## What the task asks
Given the records below, the lines starting at the line with "John Ruskin and" and ending at the line with "Sherrilyn Kenyon Quotes: I" should be output exactly, both end lines kept and pictures left out.

## Supplied entries
"""

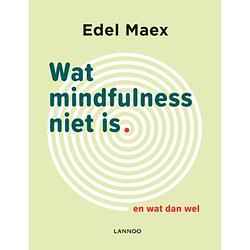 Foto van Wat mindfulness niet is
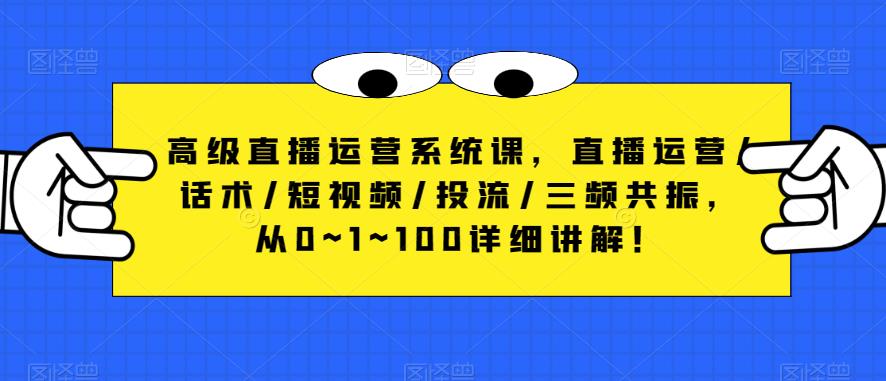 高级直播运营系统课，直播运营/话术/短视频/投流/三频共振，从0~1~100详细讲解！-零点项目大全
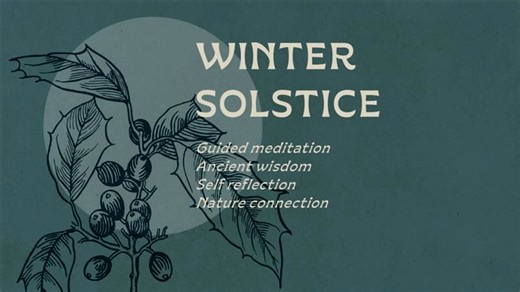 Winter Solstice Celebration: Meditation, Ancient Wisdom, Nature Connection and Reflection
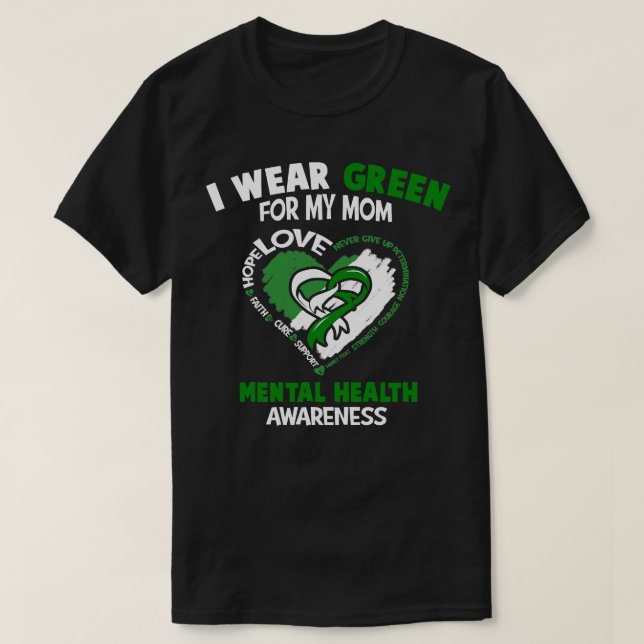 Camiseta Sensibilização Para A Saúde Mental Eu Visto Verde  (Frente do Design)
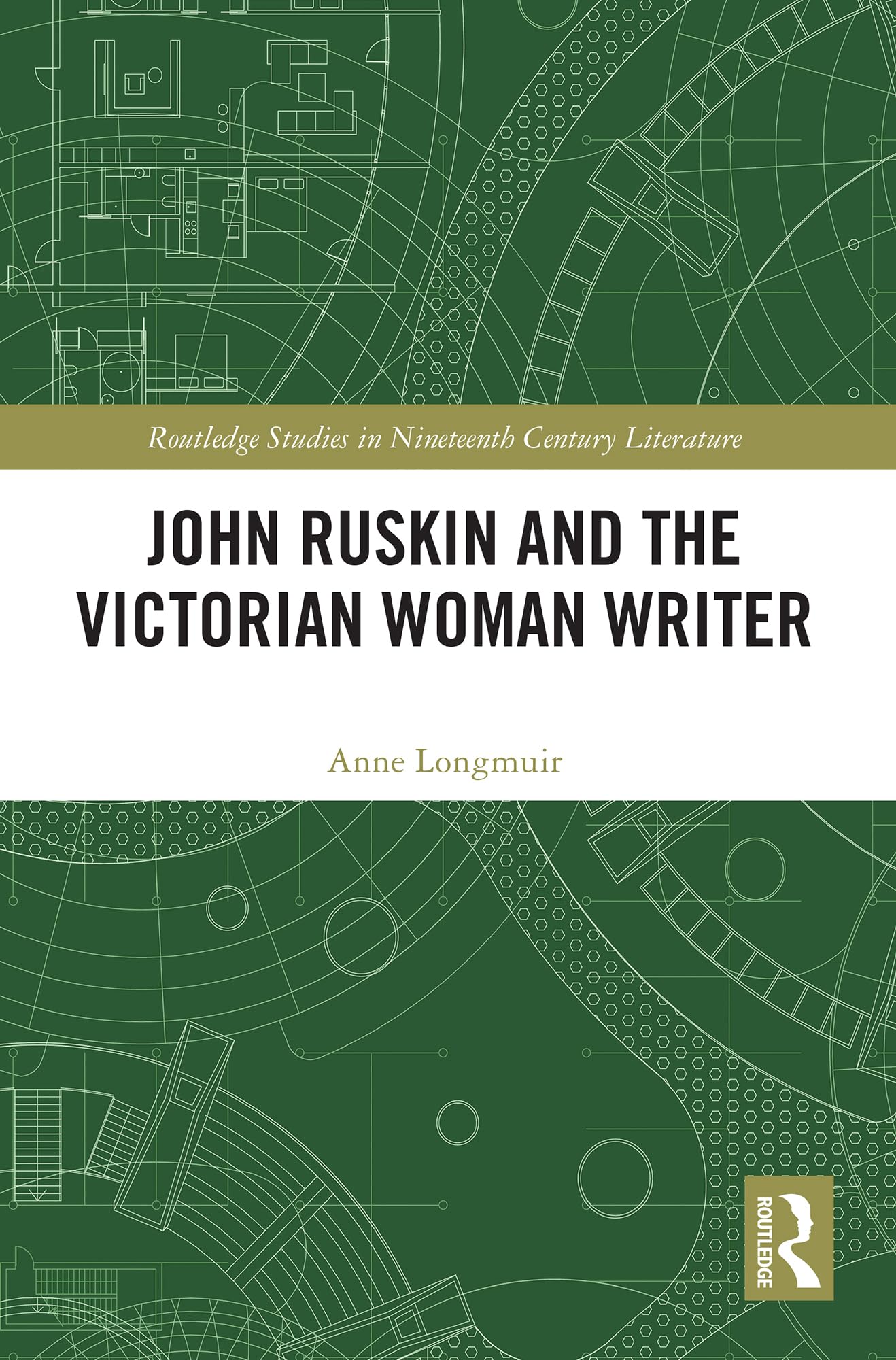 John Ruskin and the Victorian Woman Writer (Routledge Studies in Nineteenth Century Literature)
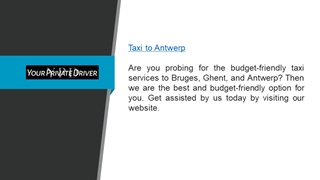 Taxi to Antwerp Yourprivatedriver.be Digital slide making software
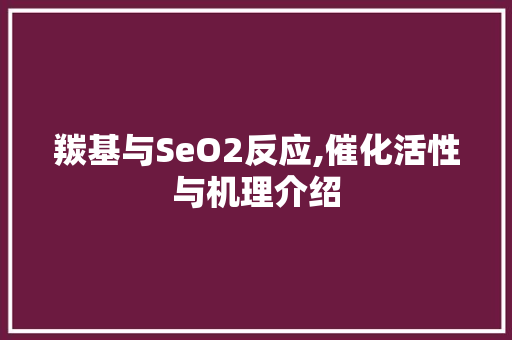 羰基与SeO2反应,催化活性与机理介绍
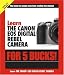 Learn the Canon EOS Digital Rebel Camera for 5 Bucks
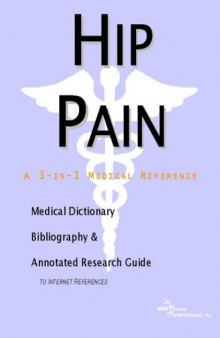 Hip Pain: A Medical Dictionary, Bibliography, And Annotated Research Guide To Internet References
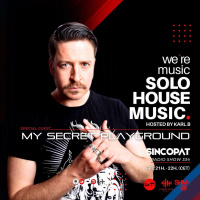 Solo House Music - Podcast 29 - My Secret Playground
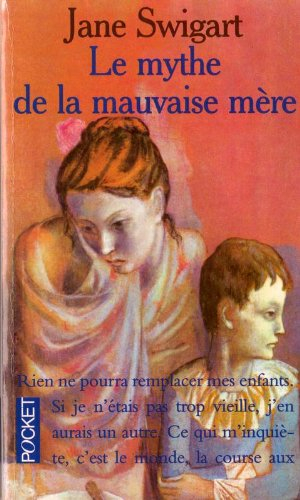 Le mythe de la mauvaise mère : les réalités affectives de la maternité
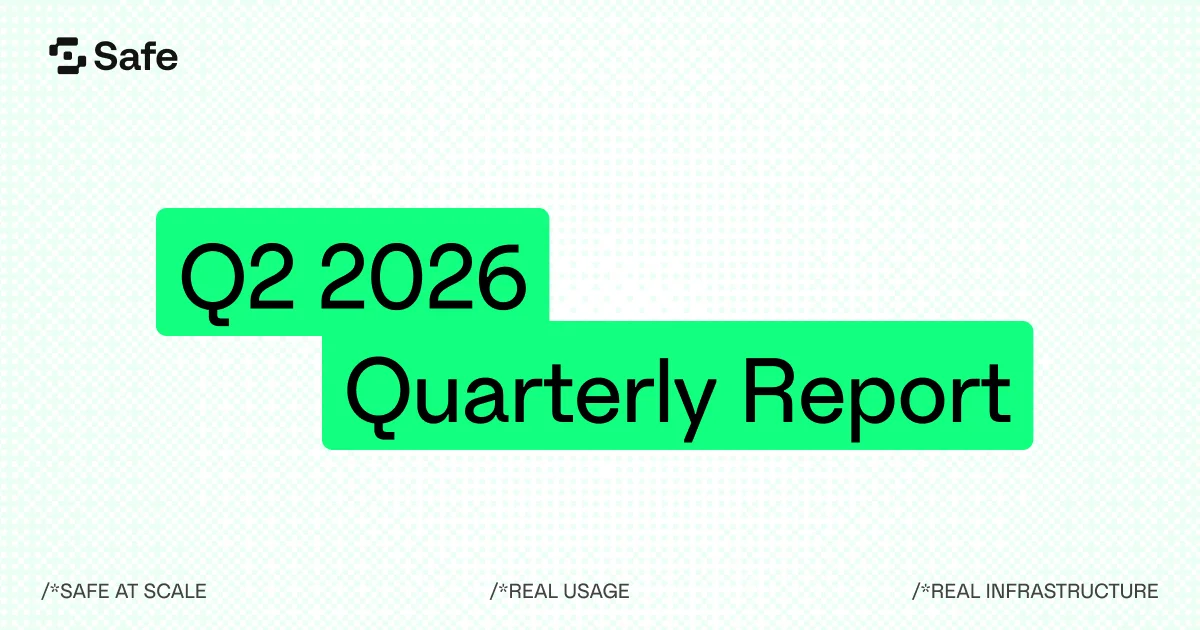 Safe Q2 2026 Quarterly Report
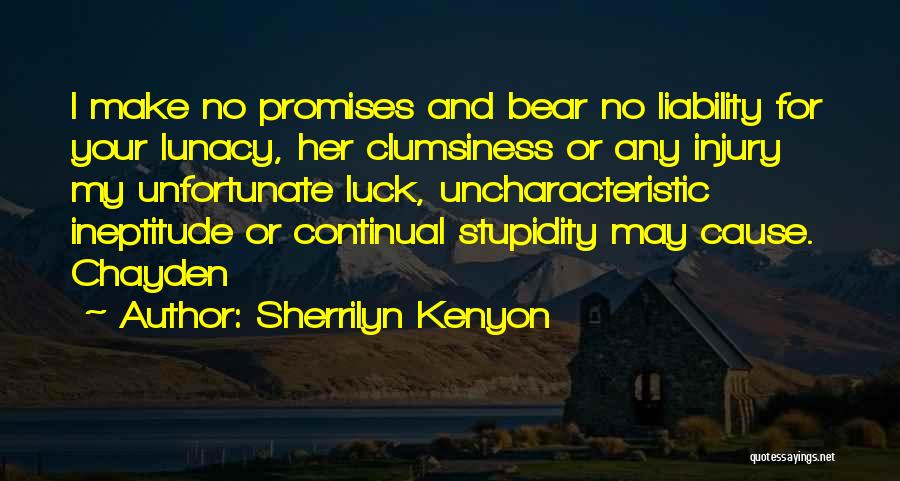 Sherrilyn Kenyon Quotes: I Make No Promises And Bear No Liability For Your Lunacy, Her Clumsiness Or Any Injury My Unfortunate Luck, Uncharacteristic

"""
"""

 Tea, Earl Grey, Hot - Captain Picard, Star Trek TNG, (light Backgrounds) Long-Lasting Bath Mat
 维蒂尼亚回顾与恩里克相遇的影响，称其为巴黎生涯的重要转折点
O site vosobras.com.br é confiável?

"""
"""

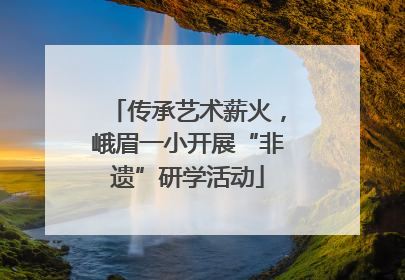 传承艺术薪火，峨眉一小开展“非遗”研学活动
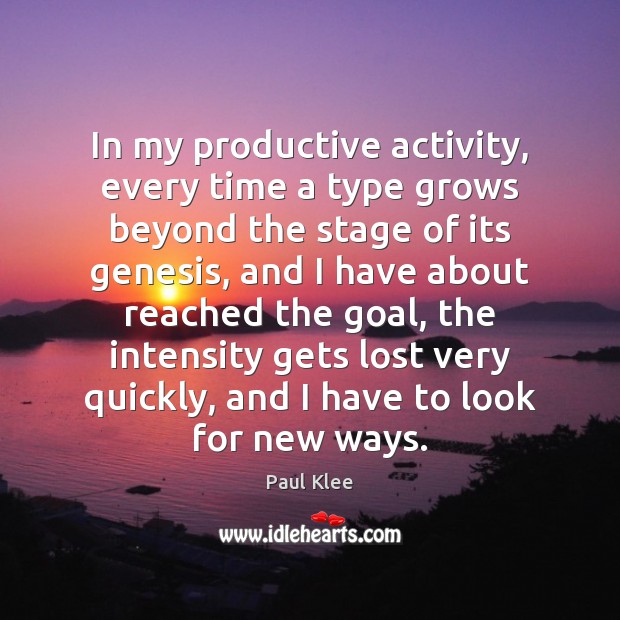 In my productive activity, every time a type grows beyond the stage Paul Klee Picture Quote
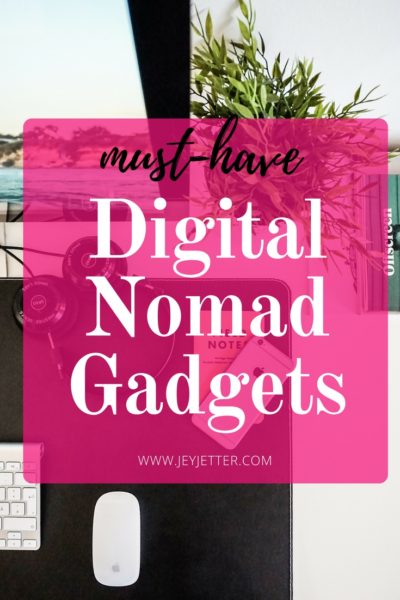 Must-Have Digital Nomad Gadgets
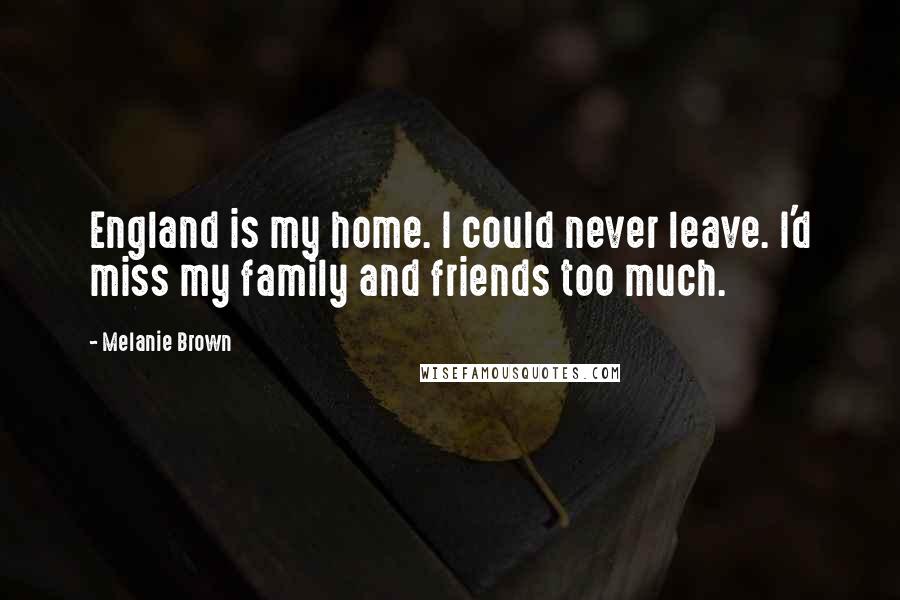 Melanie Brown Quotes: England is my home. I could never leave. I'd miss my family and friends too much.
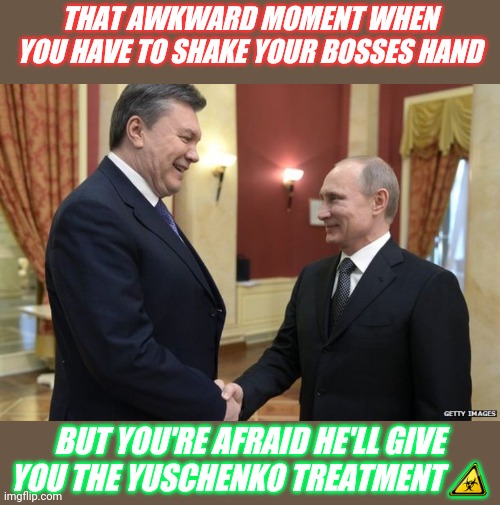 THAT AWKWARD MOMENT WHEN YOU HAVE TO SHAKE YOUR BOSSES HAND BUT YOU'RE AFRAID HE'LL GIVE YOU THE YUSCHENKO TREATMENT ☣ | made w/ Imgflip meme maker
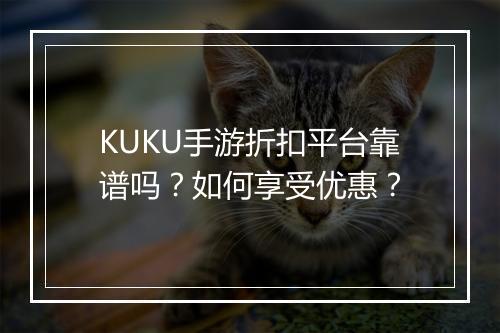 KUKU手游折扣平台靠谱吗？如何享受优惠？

"""

## Solution for this exercise
 John Ruskin and the Victorian Woman Writer (Routledge Studies in Nineteenth Century Literature)
 Taxi to Antwerp Yourprivatedriver.be Digital slide making software
 羰基与SeO2反应,催化活性与机理介绍
 Learn the Canon EOS Digital Rebel Camera for 5 Bucks
 Hip Pain: A Medical Dictionary, Bibliography, And Annotated Research Guide To Internet References
 Solo House Music - Podcast 29 - My Secret Playground
 Le mythe de la mauvaise mère : les réalités affectives de la maternité
 Safe Q2 2026 Quarterly Report
 Sherrilyn Kenyon Quotes: I Make No Promises And Bear No Liability For Your Lunacy, Her Clumsiness Or Any Injury My Unfortunate Luck, Uncharacteristic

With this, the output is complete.